_Given material:_
###
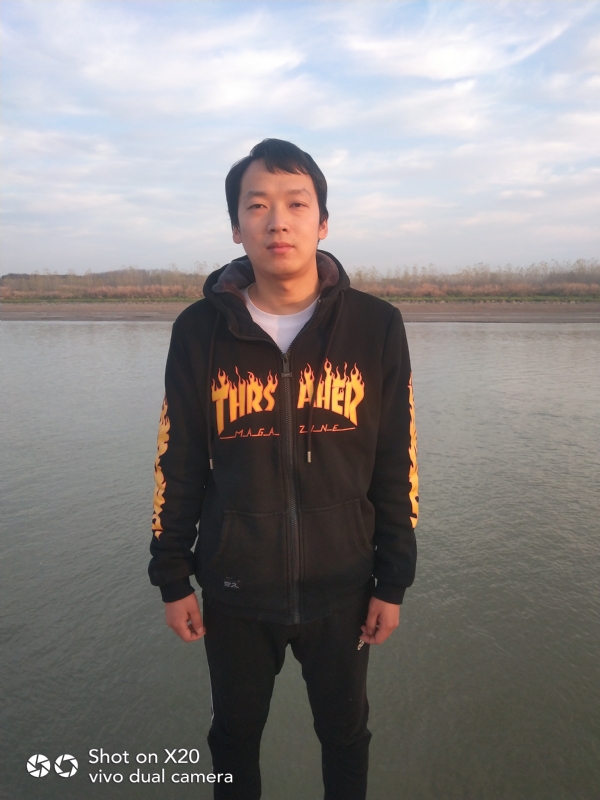 一往情深的第一张照片--芜湖闪婚服务中心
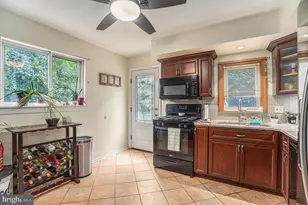 1585 Edgewood Ave, Abington, PA 19001 - Photo 12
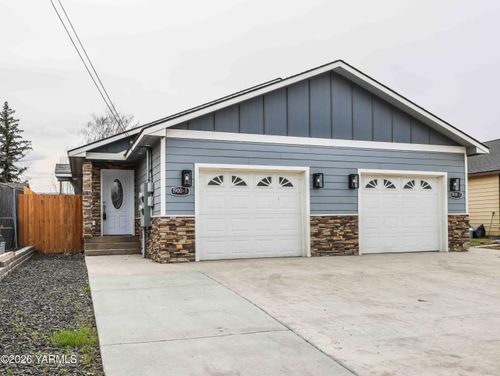 1-1900 W Mead Ave, Yakima, WA, 98902-5784 | Card Image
###
_Instructions for the task:_ Quote the data exactly, leaving every image out of the copy.

_Solution below:_
 一往情深的第一张照片--芜湖闪婚服务中心
 1585 Edgewood Ave, Abington, PA 19001 - Photo 12
 1-1900 W Mead Ave, Yakima, WA, 98902-5784 | Card Image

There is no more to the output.